Nonetheless, for many businesses, such as TechPro, it is their intellectual property which makes them stand out from their competitors. This intellectual property is kept in computer memory where there are possibilities of corruption, deletion, damage or theft. Hence, a DRP works as an insurance policy to preserve these intangible assets, along with the computer hardware and the servers.
TechPro recognizes that software is a primary tool for all the lines of business. It understands the need for specific protective steps to be for protecting the investment and ensuring maximal business and functionality continuity at the occurrence of a disaster.
Key assets are identified and the effect of loss of each asset on business is identified first, while creating DRP or Business Continuity plan of TechPro. This activity is performed regularly in the company’s security policy engagement and DRP workshop. This activity helps in determining the appropriate security needed for every identified.

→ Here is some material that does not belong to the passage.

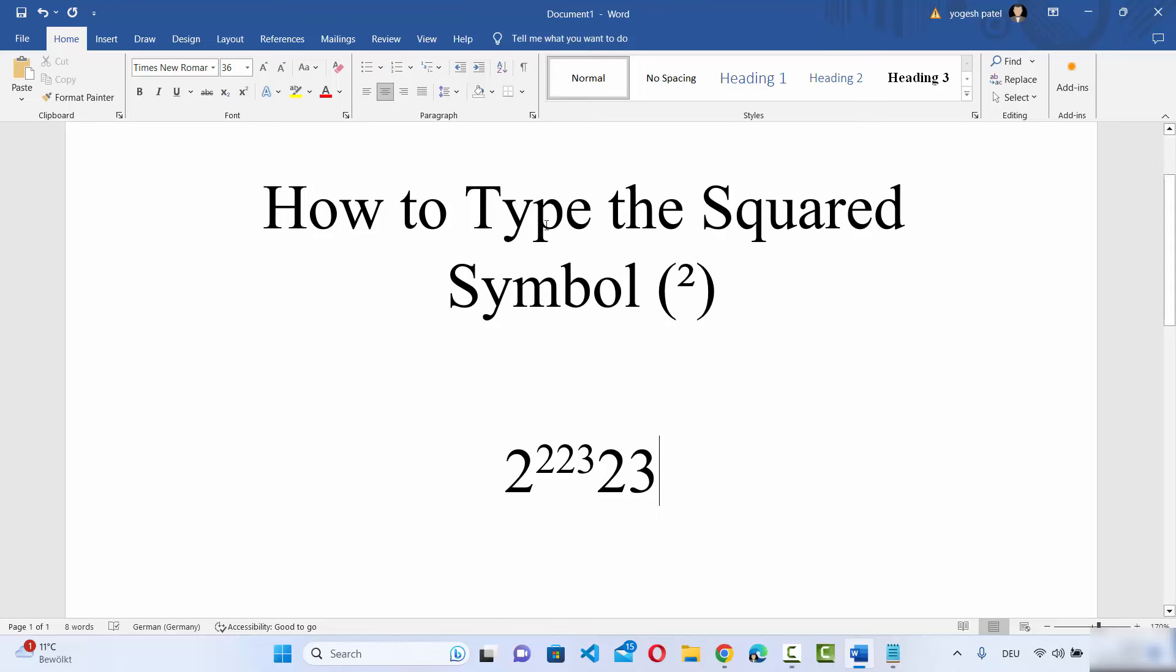Okay, so this is how you can type the square symbol on your Word document. I hope you've enjoyed this video and I will see you in the next video.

Some of the examples of assets considered are:
- Accounting or ERP System and related parts (order entry, inventory, warehouse management, etc.);
- Files and Documents on your Local Area Network;
- Product Designs and Specifications (written/electronic);
- Business Strategy Documents (written/electronic);
- Facilities and Fixed Assets;
- Paper Files and Documents;
- Cash and Valuables on Premise;
- Employee Knowledge and Staff Expertise (human resources);
- Product Inventory and Raw Materials.
Secondly, it is essential to evaluate threats against the business as well as each asset. For instance, organizations that are geographically diverse have a wider range of threats based on this.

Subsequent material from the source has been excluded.